Zgodziła się pomóc. Przyjęła nie tylko Nubię, ale też Kamila jako wolontariusza, by mógł być blisko niej. – Koty mają to do siebie, że przyzwyczajają się do jednej osoby. Mogą być w otoczeniu wielu, ale jedna osoba jest przywódcą stada i takim przywódcą dla Nubii jest pan Kamil, który z tym kotem był od początku – mówi Jolanta Kopiec.
Dodaje, że zauważyła ich więź od razu, jak wpuszczono pumę do woliery. Najpierw normalnie spenetrowała wszystko, wskoczyła na każdy konar. Gdy Kamil był blisko, zachowywała się normalnie. Gdy się oddalał, szukała go wzrokiem. W niedzielę, gdy miał odjeżdżać na dłużej, zostawił jej koszulę ze swoim zapachem.
– Ta sytuacja źle wpływa na psychikę i pana Kamila, i Nubii – podsumowuje dyrektorka. – Kamil jako wolontariusz może pomagać, ale nie może wejść do pumy do środka. Takie są przepisy bezpieczeństwa.
Teraz Kamil Stanek siedzi godzinami pod szklaną ścianą w chorzowskim zoo. Gdy nie ma zwiedzających, wskakuje na murek, gdzie jest okratowana szczelina.
„Nubia, Nubiś” – woła, a śpiąca akurat na wysokim podeście puma strzyże na to uszami. – Gdy przychodzę wcześnie rano, jeszcze nie ma nikogo, woła mnie. Przyskakuje do krat i chce się ze mną przywitać. Macha łapami, żeby mnie tylko dotknąć – opowiada Kamil.

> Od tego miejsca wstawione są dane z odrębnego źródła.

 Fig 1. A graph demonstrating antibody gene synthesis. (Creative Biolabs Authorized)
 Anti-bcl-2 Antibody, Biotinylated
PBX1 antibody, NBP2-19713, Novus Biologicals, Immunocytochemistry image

Ale samotne chwile trafiają się rzadko. Zwiedzających jest dużo. Do szyby co rusz przyklejają się dzieci. Podchodzą, pytają: Dlaczego ją panu zabrali? Z telefonu, który Kamil trzyma w ręku, co rusz dochodzi ciche – plum. To kolejny wpis na Facebooku. Są ich tysiące. Głównie to słowa otuchy „trzymaj się”. Zasięg jego strony sięgnął 2 mln odsłon.
Co by tu zrobić?
Zawarto pisemne porozumienie: zoo w Poznaniu na razie wycofało się z żądania, by puma przyjechała do nich. Jakub Żurek podkreślił, że umowa jest najlepsza z możliwych. Mecenas Matyja dopowiada, że teraz najważniejsze jest zalegalizowanie pobytu Nubii w zoo w Chorzowie, a więc wniosek do sądu rejonowego o zmianę postanowienia o wyznaczeniu Poznania jako miejsca pobytu pumy.

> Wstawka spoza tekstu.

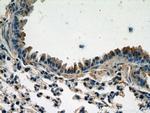 Caspase 9/p35/p10 Antibody in Immunohistochemistry (Paraffin) (IHC (P))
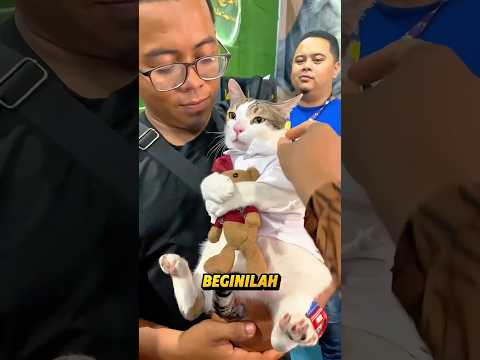 Kucing Ini Ngambek Parah Gara-Gara Bonekanya Diambil! #shorts #kucingviral #boneka #videoviral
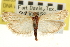  ( - CNCLEP00107330)  @11 [ ] CreativeCommons - Attribution (2013) CBG Photography Group Centre for Biodiversity Genomics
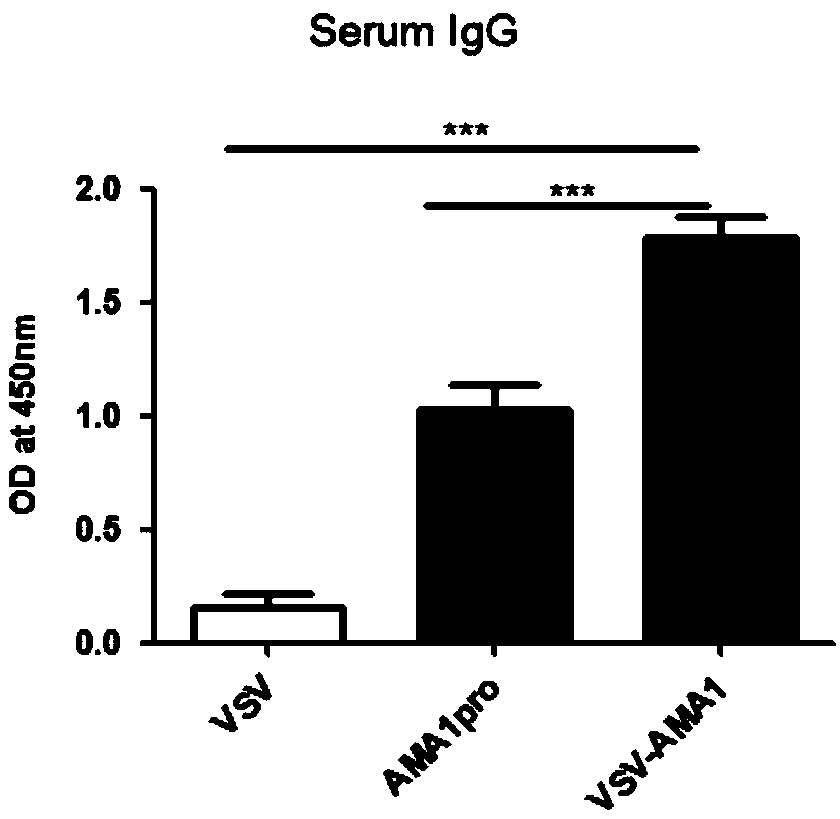 Preparation method of viral vaccine expressing plasmodium ovale AMA1 protein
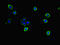 S100 Calcium Binding Protein G antibody, LS-C679390, Lifespan Biosciences, Immunofluorescence image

A co dalej? – Kamil chciałby ją zabrać z powrotem do domu, ale droga do tego jest trudna – mówi ostrożnie mecenas Matyja. Tłumaczy, że furtek, by uchylić prawomocne orzeczenie i wznowić postępowanie, jest niewiele – trzeba wskazać na nowe okoliczności czy dowody, które nie były sądowi znane. Trwają analizy prawne. Uchylając nieco rąbka adwokackiej strategii, zwraca uwagę, że jak dotąd nadrzędnym celem było ukaranie pana Kamila za lekceważenie prawa. – A gdzie w tym jest dobro zwierzęcia? Czy sąd pochylił się nad dobrem pumy Nubii? – pyta Matyja.
– Jest jeszcze możliwość ułaskawienia przez prezydenta, ale na sięganie po takie narzędzie zdecydowanie za wcześnie – mówi mecenas. Choć na Facebooku są już odpowiednie petycje, które mają trafić na biurko Andrzeja Dudy.